I am not a medical practitioner, and I cannot claim to know much about medicine either. The best interaction I had with medical profession was during my ‘O’ level days when I took Biology as one of my science subjects during my school certificate examination. Aside from that, I like watching some medical programmes like Dr. 90210 on cable television and occasionally when I feel tired and I need to go to the hospital for some medical check-up are other occasions that I can say I see what medicine is all about.

Medicine is a profession so many people like. Most parents always prefer their wards to go to the university and study medicine or pharmacy as a course.

After reading much about Ben Carson, the retired American neurosurgeon and columnist, He wrote some nice books like “ The Gifted Hands” and “Think Big.’’ I became so thrilled about the profession and the kind-heartedness of the people that practice the profession.

When a person goes into coma and needs revival, traditionally, what we do is to look for some bucket of water and pour on the person who fainted to get him or her revived or get some flexible item to fan him for some air so that s/he can come back to life. Sometime it may even get so crude to the extent of forcing any hard object, like spoon within the reach of rescuers into the mouth of the person to prevent him/her from swallowing the tongue and subsequently passing- on from that state of coma.

For medical personnel who know the ABC of reviving a fainting person, they don’t approach it in that crude manner instead; they allow the victim to sit down in a particular position that would allow him/ her to have access to fresh air. This is more scientific and result oriented.

Looking at our economy and the approach we are adopting to bring it back on its feet, it looks to me like we have been attempting to revive the ailing economy using the “crude and traditional” approach described above in order to resuscitate the Ghana ‘fainted’ economy.

Why fainting (syncope)?

Fainting, “blacking out,” or syncope is the temporary loss of consciousness followed by the return to full wakefulness. This loss of consciousness may be accompanied by loss of muscle-tone that can result in falling or slumping over. Fainting is differentiated from seizure, during which patients may also lose consciousness.

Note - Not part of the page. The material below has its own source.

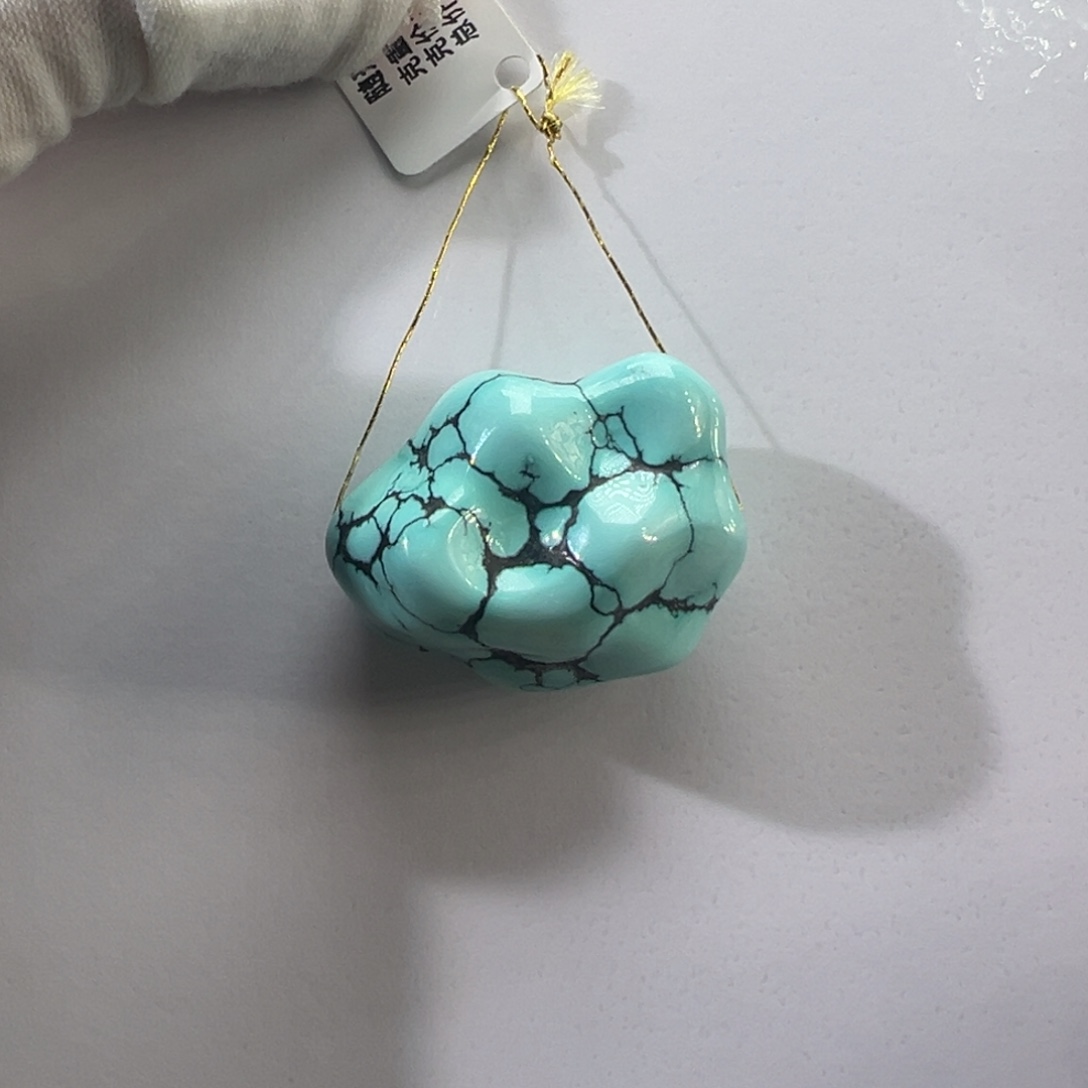 绿松石未镶嵌挂件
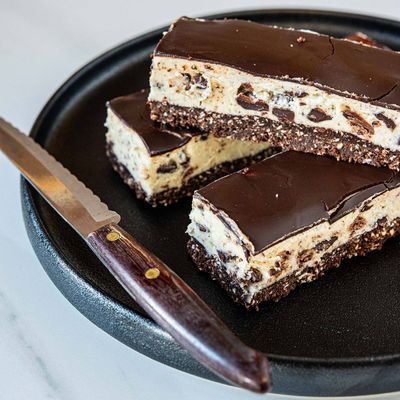 Cookies &amp; Cream Slice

Fainting is a sudden loss of consciousness, usually temporary and typically caused by a lack of oxygen in the brain. Sometimes syncope may be just that – a fainting episode with no medical importance. On some occasions, however, it may be caused by a serious illness, condition or disorder. Every case of fainting should be treated as a medical emergency until the cause is known and signs and symptoms have been treated. Anybody who has recurring fainting episodes should contact their doctor says medical experts.

What are the signs and symptoms of fainting (syncope)?

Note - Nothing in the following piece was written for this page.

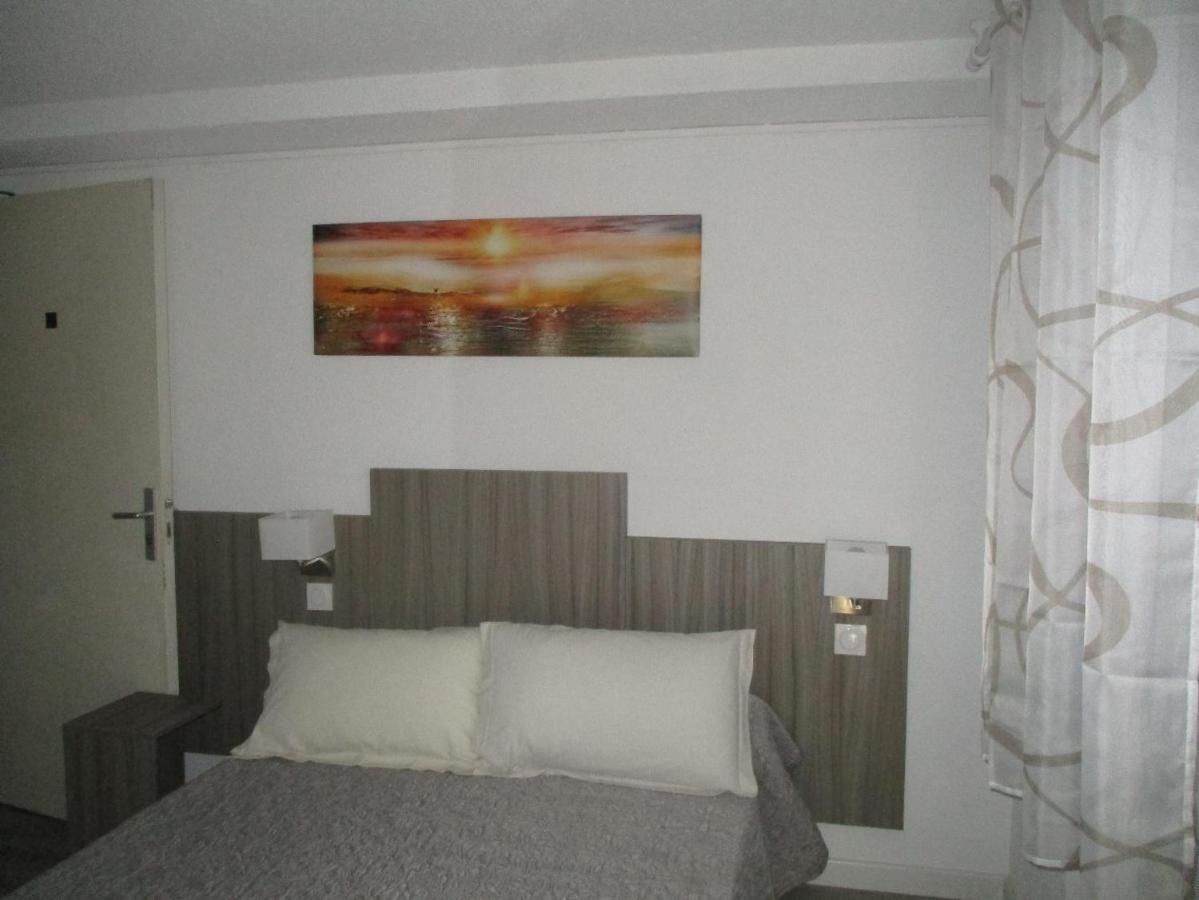 Hotel Du Commerce Pont-Saint-Esprit Bagian luar foto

A symptom is something the patient senses and describes, while a sign is something other people, such as the doctor notice. The hallmark sign is evident to anyone around – the patient passes out, faints, and suddenly losing consciousness.

The following signs and symptoms may precede a fainting episode. A feeling of heaviness in the legs, Blurred vision, Confusion, Feeling warm or hot, Lightheadedness, dizziness, a floating feeling, Nausea, Sweating, Vomiting, Yawning.

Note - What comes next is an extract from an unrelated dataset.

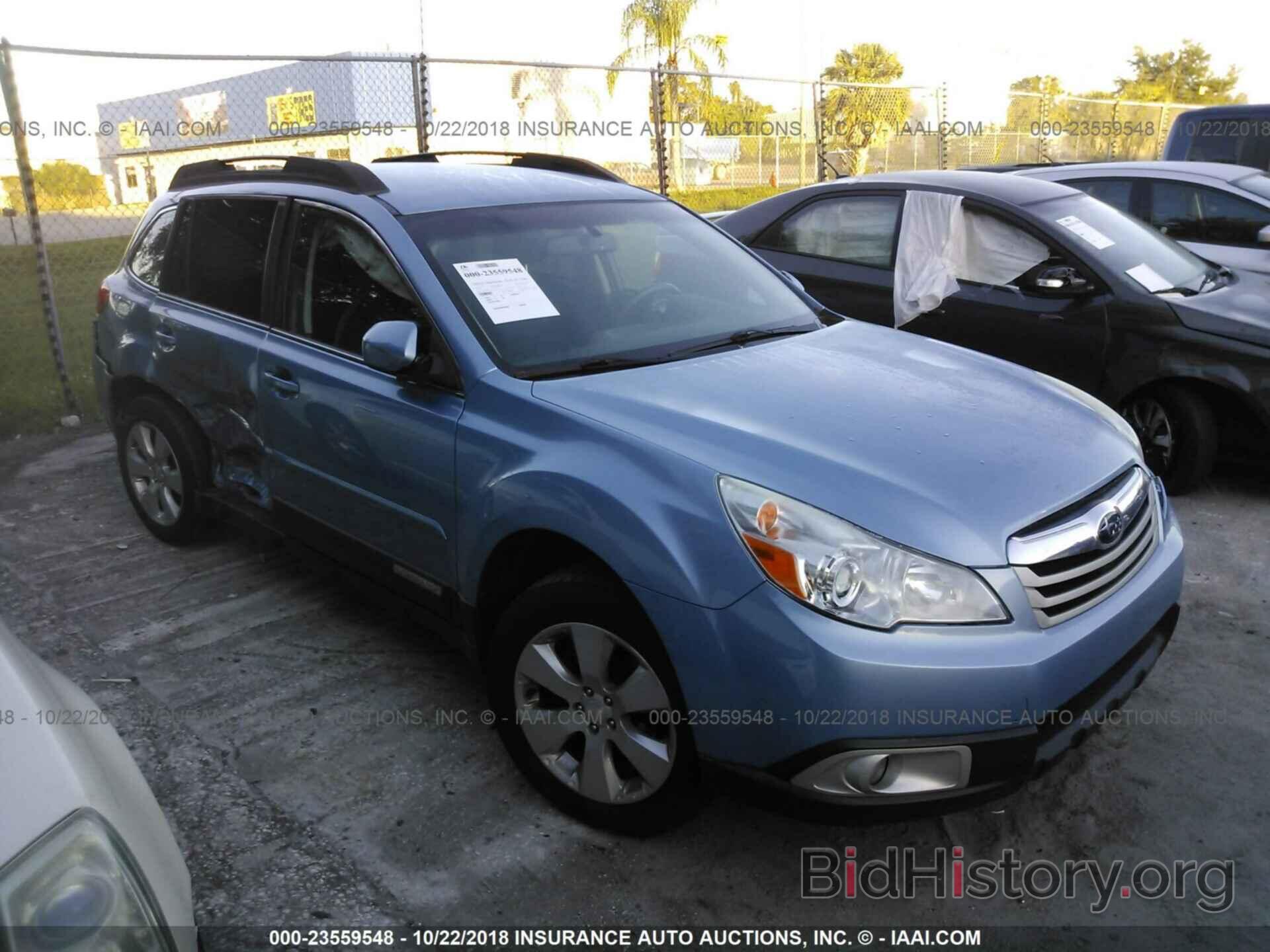 Photo 4S4BRCCCXC3297749 - Subaru Outback 2012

When a person faints, the following signs may be evident: The individual may be falling over, the patient may be slumping, and the person may be unusually pale. There may be a drop in blood pressure; there may be a weak pulse.

If you look at Ghanaian economy from this medical (syncope) point of view, you will agree that the economic health of the nation is suffering from all the signs and symptoms mentioned above.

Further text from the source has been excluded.